▸ Given records:
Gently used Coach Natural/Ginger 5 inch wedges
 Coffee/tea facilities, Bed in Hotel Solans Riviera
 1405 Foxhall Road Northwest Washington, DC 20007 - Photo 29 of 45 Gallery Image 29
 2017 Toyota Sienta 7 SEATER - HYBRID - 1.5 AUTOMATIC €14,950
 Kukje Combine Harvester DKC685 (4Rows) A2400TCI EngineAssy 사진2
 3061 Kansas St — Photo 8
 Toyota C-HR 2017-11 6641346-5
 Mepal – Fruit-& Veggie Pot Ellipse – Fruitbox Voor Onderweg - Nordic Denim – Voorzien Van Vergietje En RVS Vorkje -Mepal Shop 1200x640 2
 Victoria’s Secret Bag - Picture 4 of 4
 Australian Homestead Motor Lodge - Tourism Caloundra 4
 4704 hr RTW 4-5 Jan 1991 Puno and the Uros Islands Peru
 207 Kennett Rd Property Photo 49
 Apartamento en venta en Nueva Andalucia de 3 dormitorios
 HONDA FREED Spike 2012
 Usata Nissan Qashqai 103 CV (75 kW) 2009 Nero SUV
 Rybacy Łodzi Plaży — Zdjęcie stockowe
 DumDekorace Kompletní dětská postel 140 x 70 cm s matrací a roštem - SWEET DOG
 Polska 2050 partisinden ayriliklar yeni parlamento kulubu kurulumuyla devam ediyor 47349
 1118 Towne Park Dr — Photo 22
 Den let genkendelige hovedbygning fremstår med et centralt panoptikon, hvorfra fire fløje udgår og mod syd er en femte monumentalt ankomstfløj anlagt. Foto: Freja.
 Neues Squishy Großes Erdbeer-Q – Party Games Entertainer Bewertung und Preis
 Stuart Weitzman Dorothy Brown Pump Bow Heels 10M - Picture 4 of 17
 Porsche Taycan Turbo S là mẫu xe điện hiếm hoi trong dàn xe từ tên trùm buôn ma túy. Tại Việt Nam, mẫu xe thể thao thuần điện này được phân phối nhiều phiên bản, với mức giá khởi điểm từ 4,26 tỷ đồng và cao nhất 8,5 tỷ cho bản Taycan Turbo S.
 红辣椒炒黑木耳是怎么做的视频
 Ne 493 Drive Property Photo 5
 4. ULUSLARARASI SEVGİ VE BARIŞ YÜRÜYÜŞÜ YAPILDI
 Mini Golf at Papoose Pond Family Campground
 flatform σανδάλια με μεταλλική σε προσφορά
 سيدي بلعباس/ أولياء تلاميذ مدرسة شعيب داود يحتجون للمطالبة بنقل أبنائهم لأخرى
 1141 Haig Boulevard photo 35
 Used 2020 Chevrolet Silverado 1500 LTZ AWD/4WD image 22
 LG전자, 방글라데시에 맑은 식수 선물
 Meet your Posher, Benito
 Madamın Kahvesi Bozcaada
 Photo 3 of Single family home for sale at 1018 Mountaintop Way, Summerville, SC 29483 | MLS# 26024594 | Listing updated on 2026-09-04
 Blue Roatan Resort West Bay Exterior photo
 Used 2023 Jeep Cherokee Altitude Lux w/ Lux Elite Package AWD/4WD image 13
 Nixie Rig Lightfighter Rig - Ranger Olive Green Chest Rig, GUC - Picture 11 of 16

▸ Task directions:
Retype the data in full and match it exactly.

▸ Solution:
Gently used Coach Natural/Ginger 5 inch wedges
 Coffee/tea facilities, Bed in Hotel Solans Riviera
 1405 Foxhall Road Northwest Washington, DC 20007 - Photo 29 of 45 Gallery Image 29
 2017 Toyota Sienta 7 SEATER - HYBRID - 1.5 AUTOMATIC €14,950
 Kukje Combine Harvester DKC685 (4Rows) A2400TCI EngineAssy 사진2
 3061 Kansas St — Photo 8
 Toyota C-HR 2017-11 6641346-5
 Mepal – Fruit-& Veggie Pot Ellipse – Fruitbox Voor Onderweg - Nordic Denim – Voorzien Van Vergietje En RVS Vorkje -Mepal Shop 1200x640 2
 Victoria’s Secret Bag - Picture 4 of 4
 Australian Homestead Motor Lodge - Tourism Caloundra 4
 4704 hr RTW 4-5 Jan 1991 Puno and the Uros Islands Peru
 207 Kennett Rd Property Photo 49
 Apartamento en venta en Nueva Andalucia de 3 dormitorios
 HONDA FREED Spike 2012
 Usata Nissan Qashqai 103 CV (75 kW) 2009 Nero SUV
 Rybacy Łodzi Plaży — Zdjęcie stockowe
 DumDekorace Kompletní dětská postel 140 x 70 cm s matrací a roštem - SWEET DOG
 Polska 2050 partisinden ayriliklar yeni parlamento kulubu kurulumuyla devam ediyor 47349
 1118 Towne Park Dr — Photo 22
 Den let genkendelige hovedbygning fremstår med et centralt panoptikon, hvorfra fire fløje udgår og mod syd er en femte monumentalt ankomstfløj anlagt. Foto: Freja.
 Neues Squishy Großes Erdbeer-Q – Party Games Entertainer Bewertung und Preis
 Stuart Weitzman Dorothy Brown Pump Bow Heels 10M - Picture 4 of 17
 Porsche Taycan Turbo S là mẫu xe điện hiếm hoi trong dàn xe từ tên trùm buôn ma túy. Tại Việt Nam, mẫu xe thể thao thuần điện này được phân phối nhiều phiên bản, với mức giá khởi điểm từ 4,26 tỷ đồng và cao nhất 8,5 tỷ cho bản Taycan Turbo S.
 红辣椒炒黑木耳是怎么做的视频
 Ne 493 Drive Property Photo 5
 4. ULUSLARARASI SEVGİ VE BARIŞ YÜRÜYÜŞÜ YAPILDI
 Mini Golf at Papoose Pond Family Campground
 flatform σανδάλια με μεταλλική σε προσφορά
 سيدي بلعباس/ أولياء تلاميذ مدرسة شعيب داود يحتجون للمطالبة بنقل أبنائهم لأخرى
 1141 Haig Boulevard photo 35
 Used 2020 Chevrolet Silverado 1500 LTZ AWD/4WD image 22
 LG전자, 방글라데시에 맑은 식수 선물
 Meet your Posher, Benito
 Madamın Kahvesi Bozcaada
 Photo 3 of Single family home for sale at 1018 Mountaintop Way, Summerville, SC 29483 | MLS# 26024594 | Listing updated on 2026-09-04
 Blue Roatan Resort West Bay Exterior photo
 Used 2023 Jeep Cherokee Altitude Lux w/ Lux Elite Package AWD/4WD image 13
 Nixie Rig Lightfighter Rig - Ranger Olive Green Chest Rig, GUC - Picture 11 of 16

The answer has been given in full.